Additionally, you’ll want to be able to share your portfolio as often as possible on your social media sites, through networking platforms, etc. Your digital portfolio should have the best samples of your work with as much of a variety as possible. Whether you’re a photographer, writer, designer, or videographer, having pieces that you’re proud of and ones that reflect who you really are will draw people in.

You don’t need to have a lot of design or web knowledge in order to create a great site. Many website hosts now offer “drag and drop” options and templates you can use to put together a professional-looking site in minutes.

6. A Routine

We already talked about the importance of having an “office space” for your work each day. But, another essential is the development of a routine.

You might be tempted to work whenever you’d like, but that will cause you to burn out very quickly, and you may even end up resenting your line of work. For example, if you put off a project until late one Saturday night, you’re going to hate having to stay home and work on it while you’re friends go out and have fun.

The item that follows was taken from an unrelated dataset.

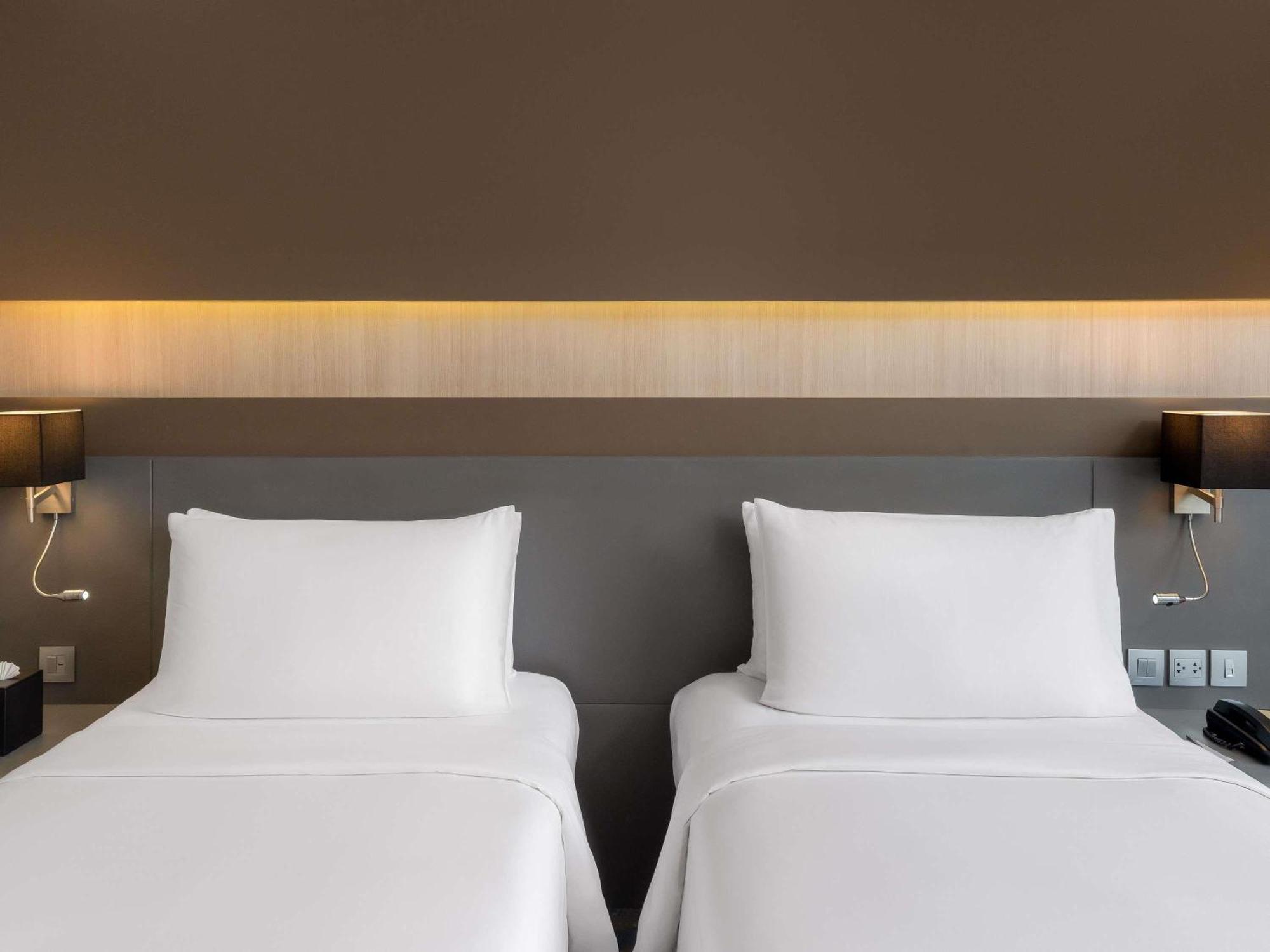 Deluxe Room with 2 single beds, High floor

Creating a routine can help. Try to wake up at the same time each morning and go to bed at the same time each night. Go through whatever morning routine makes you feel awake and comfortable, and then sit down in your office and have designated work hours.

Once those hours are up, you’re done working for the day. Enjoy some alone time, hang out with family or friends, or simply do something for yourself. Achieving a healthy work-life balance is important. Finding it as a freelancer isn’t always as easy as people think.

Now is a better time than ever to dip your toe in the water of the gig economy. No matter what your skills or talents might be, there is undoubtedly a way to put them to good work, whether you want a bit of extra income each month or you want to make freelancing your full-time job. Keep these essential tips in mind as you get started, and you’ll run into fewer roadblocks along the way. When you do choose to prepare yourself for the ups and downs of freelancing before you start, you will find it much more enjoyable because you know exactly what to expect.